Per-Operation RED Metrics for a Service

Get latency, request rate, and error rate per operation for a specific service:

curl -s "$PROMETHEUS_ENDPOINT/api/v1/query" \
  --data-urlencode 'query=histogram_quantile(0.95, sum(rate(http_server_duration_seconds_bucket{service_name="checkout"}[5m])) by (le, http_route))'

References

PPL Language Reference — Official PPL syntax documentation. Fetch this if queries fail due to OpenSearch version differences or new syntax.
Prometheus Querying Basics — PromQL syntax reference.
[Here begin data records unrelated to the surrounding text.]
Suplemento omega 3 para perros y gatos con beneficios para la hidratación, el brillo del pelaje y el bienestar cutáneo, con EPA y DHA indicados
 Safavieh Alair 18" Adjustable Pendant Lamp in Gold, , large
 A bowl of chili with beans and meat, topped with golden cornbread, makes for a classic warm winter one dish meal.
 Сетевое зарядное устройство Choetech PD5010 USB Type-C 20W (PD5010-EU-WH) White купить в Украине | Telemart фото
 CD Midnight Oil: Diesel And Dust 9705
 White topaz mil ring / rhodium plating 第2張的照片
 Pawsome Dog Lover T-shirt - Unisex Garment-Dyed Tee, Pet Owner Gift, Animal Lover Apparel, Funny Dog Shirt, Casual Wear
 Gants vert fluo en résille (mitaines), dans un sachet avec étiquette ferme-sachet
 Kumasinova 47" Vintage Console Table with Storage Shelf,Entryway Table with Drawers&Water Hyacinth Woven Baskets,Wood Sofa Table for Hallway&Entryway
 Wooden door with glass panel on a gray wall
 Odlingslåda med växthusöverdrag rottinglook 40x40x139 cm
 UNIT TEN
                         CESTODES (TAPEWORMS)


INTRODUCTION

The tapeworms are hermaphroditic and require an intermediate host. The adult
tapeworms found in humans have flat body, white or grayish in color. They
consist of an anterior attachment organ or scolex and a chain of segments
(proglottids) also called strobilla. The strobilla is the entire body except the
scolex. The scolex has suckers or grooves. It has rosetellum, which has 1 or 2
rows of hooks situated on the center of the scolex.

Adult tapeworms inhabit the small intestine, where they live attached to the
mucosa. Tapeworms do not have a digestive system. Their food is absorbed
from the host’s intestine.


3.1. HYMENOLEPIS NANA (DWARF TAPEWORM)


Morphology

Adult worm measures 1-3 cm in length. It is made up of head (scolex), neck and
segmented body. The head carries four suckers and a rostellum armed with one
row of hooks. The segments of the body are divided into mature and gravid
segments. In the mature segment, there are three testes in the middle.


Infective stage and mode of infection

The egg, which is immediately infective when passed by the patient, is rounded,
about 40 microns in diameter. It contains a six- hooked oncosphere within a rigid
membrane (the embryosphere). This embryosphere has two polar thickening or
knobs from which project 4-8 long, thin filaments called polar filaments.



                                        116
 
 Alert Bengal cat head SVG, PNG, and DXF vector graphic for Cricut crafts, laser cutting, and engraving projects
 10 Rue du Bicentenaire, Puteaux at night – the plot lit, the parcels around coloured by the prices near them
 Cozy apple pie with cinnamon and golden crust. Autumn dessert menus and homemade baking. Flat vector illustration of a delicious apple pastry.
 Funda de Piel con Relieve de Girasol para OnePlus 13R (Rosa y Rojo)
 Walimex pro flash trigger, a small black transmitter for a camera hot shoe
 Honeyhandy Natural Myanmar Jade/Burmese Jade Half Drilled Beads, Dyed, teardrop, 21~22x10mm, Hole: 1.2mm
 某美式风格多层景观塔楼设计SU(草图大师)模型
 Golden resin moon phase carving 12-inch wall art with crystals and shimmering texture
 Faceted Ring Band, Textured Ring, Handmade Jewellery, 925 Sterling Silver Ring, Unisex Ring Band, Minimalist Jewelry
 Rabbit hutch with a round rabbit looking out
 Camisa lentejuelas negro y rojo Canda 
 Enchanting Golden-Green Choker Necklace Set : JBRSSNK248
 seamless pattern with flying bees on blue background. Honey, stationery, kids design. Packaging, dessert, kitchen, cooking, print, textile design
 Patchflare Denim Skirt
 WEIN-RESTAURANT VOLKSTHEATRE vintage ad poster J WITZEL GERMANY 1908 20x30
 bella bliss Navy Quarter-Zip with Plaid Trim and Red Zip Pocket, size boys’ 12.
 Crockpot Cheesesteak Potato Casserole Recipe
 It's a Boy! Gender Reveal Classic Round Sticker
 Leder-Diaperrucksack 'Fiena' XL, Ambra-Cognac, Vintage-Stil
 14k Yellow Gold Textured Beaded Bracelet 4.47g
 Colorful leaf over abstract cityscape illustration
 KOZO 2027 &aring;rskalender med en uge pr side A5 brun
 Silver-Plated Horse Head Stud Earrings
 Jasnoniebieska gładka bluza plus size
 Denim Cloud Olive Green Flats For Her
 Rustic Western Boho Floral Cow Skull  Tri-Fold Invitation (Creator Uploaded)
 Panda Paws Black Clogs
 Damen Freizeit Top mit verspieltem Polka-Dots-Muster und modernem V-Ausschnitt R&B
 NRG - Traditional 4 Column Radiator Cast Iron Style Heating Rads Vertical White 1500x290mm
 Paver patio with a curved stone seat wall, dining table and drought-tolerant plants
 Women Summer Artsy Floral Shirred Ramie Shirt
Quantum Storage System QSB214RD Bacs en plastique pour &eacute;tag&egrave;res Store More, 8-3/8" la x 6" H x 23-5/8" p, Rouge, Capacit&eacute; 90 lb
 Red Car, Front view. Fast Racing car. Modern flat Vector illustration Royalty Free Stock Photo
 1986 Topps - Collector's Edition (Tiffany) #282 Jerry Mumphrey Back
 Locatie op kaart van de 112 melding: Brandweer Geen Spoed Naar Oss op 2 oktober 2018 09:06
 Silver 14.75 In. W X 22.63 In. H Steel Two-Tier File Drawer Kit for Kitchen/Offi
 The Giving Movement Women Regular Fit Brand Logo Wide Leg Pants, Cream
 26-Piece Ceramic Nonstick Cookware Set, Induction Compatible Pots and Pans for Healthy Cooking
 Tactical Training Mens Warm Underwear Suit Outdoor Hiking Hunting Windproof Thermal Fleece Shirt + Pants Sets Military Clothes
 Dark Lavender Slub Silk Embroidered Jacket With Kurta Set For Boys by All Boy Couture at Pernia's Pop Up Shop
AWS Managed Service Variants

Amazon OpenSearch Service (SigV4)

Replace the local OpenSearch endpoint and authentication with AWS SigV4 for all PPL queries in this skill:

curl -s --aws-sigv4 "aws:amz:REGION:es" \
  --user "$AWS_ACCESS_KEY_ID:$AWS_SECRET_ACCESS_KEY" \
  -X POST https://DOMAIN-ID.REGION.es.amazonaws.com/_plugins/_ppl \
  -H 'Content-Type: application/json' \
  -d '{"query": "source=otel-v1-apm-span-* | stats count() as request_count by span(startTime, 5m), serviceName"}'

Endpoint format: https://DOMAIN-ID.REGION.es.amazonaws.com
Auth: --aws-sigv4 "aws:amz:REGION:es" with --user "$AWS_ACCESS_KEY_ID:$AWS_SECRET_ACCESS_KEY"
The PPL API endpoint (/_plugins/_ppl) and query syntax are identical to the local stack
No -k flag needed — AWS managed endpoints use valid TLS certificates

Amazon Managed Service for Prometheus (AMP) (SigV4)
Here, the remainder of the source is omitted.